Women's Place in the University, Revisited
In 1969, Katharine Graham (A.B. '38) became the first women elected to the Board of Trustees. Nine years later, the University appointed Professor of History Hanna Holborn Gray its tenth president, making her the first woman to serve as president of a major research university in the United States. Concerns about women's place in the University did not subside in the wake of these appointments, however. While some women made the case that University policies disadvantaged women, others were concerned that special consideration for women could interfere with the free marketplace of ideas.
Federal policy including Roe v. Wade and Title IX of the Education Amendments of 1972 established new rights for women in sports, education, and bodily autonomy. A group of Hyde Park women established the Rape Action Group Hotline in 1973, a University Women's Center opened its doors in 1974, and feminist groups on campus multiplied, along with a host of feminist student publications. At the same time, many students and faculty felt that still more work remained to fully incorporate women and feminist theory into the curriculum, the classroom and the faculty-particularly when many other U.S. colleges and research universities had already committed to fostering scholarship and supporting research institutes in the growing field of women's and gender studies.

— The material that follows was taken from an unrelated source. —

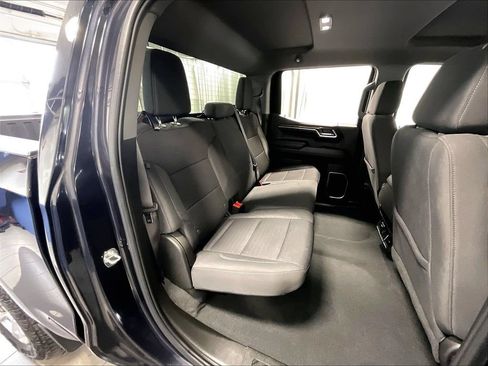 Used 2023 Chevrolet Silverado 1500 LT AWD/4WD image 16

After a decade of campus organizing in the 1980s, faculty in the Humanities and Social Sciences Divisions-led by Leora Auslander (History), Lauren Berlant (English), and Elizabeth Helsinger (English and Art History)-established the Center for Gender Studies (CGS) in 1996. In its first year, CGS boasted fifty-five affiliated faculty members and outlined ambitious plans for curriculum, programming and fundraising. In 1997, the College approved the undergraduate concentration in Gender Studies.